# To do:
Each entry must be restated word for word, with nothing omitted.

Records supplied Block Start

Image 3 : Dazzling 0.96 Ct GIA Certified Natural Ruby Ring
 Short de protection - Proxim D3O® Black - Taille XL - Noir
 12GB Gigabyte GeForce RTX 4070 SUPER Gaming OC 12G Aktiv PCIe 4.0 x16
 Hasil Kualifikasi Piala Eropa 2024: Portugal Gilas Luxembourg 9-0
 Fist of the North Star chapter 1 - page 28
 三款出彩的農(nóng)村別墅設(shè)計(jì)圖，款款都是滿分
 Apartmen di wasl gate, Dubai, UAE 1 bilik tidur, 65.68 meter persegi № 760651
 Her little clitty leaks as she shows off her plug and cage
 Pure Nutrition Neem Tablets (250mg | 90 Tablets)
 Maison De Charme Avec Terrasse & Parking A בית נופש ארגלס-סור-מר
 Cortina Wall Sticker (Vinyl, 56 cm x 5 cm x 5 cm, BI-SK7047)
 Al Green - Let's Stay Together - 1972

Records supplied Block End

# Written reply:
Image 3 : Dazzling 0.96 Ct GIA Certified Natural Ruby Ring
 Short de protection - Proxim D3O® Black - Taille XL - Noir
 12GB Gigabyte GeForce RTX 4070 SUPER Gaming OC 12G Aktiv PCIe 4.0 x16
 Hasil Kualifikasi Piala Eropa 2024: Portugal Gilas Luxembourg 9-0
 Fist of the North Star chapter 1 - page 28
 三款出彩的農(nóng)村別墅設(shè)計(jì)圖，款款都是滿分
 Apartmen di wasl gate, Dubai, UAE 1 bilik tidur, 65.68 meter persegi № 760651
 Her little clitty leaks as she shows off her plug and cage
 Pure Nutrition Neem Tablets (250mg | 90 Tablets)
 Maison De Charme Avec Terrasse & Parking A בית נופש ארגלס-סור-מר
 Cortina Wall Sticker (Vinyl, 56 cm x 5 cm x 5 cm, BI-SK7047)
 Al Green - Let's Stay Together - 1972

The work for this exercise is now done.